When the body is deprived of oxygen during a major surgery, the kidneys, heart muscles or lungs can be injured as a result. The problem is that lack of oxygen can lead to inflammation.
Yet some athletes deliberately train at high altitude, with less oxygen, so they can perform better. Their bodies adapt to the reduced oxygen.
Now a doctor at the University of Colorado School of Medicine has explored the relationship between lack of oxygen, called hypoxia, and the inflammation that can injure or kill some patients who undergo surgery. In a liver transplant, for example, the surgery and anesthesiology can go perfectly yet the new liver will fail because of hypoxia.
"Understanding how hypoxia is linked to inflammation may help save lives of people who have survived a major surgery only to be faced with potential harm to major organs," says Holger K. Eltzschig, MD, PhD.
Eltzschig's exploration of the relationship between hypoxia and inflammation was published Feb. 17 in the New England Journal of Medicine. His work was supported by more than $1 million from the National Institutes of Health.
Those high-altitude athletes figured into the research. How do their bodies adapt to low levels of oxygen? And how can that information help patients?

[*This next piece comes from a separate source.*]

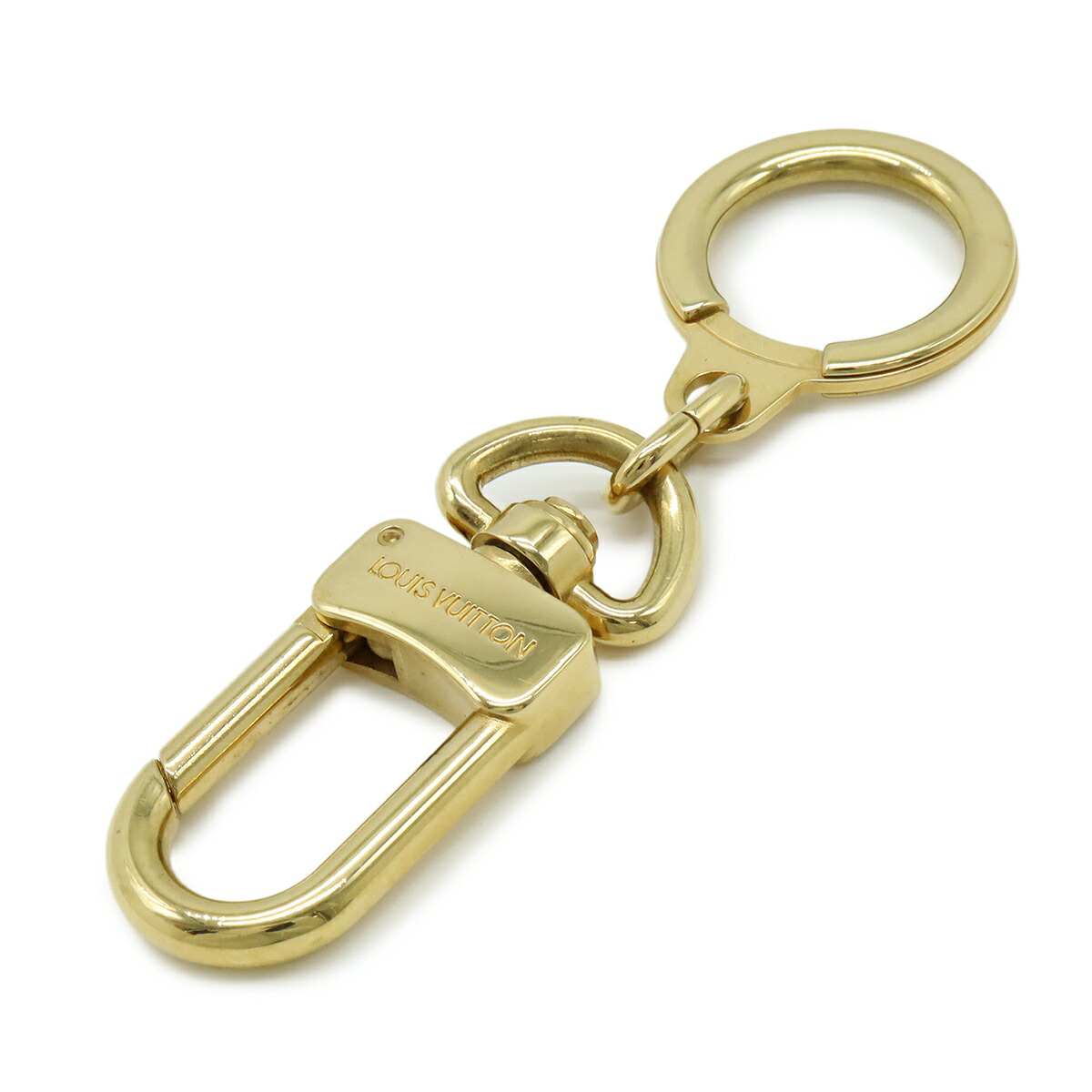 楽天市場】LOUIS VUITTON【ルイ・ヴィトン】M65053 アノクレ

The answer appears to lie at the molecular level. The body can signal a helpful response to deal with low oxygen levels. To do so it uses what's called hypoxia-inducible factor (HIF). This is a protein that sends complex signals to help the body defend itself.
Eltzschig says that research now should focus on understanding more about the way these signals function.
"By focusing on the molecular pathways the body uses to battle hypoxia, we may be able help patients who undergo organ transplants, who suffer from infections or who have cancer," says Eltzschig, a professor of anesthesiology, medicine, cell biology and immunology.
"We know the body can do this. Our research goal now is to find out exactly how."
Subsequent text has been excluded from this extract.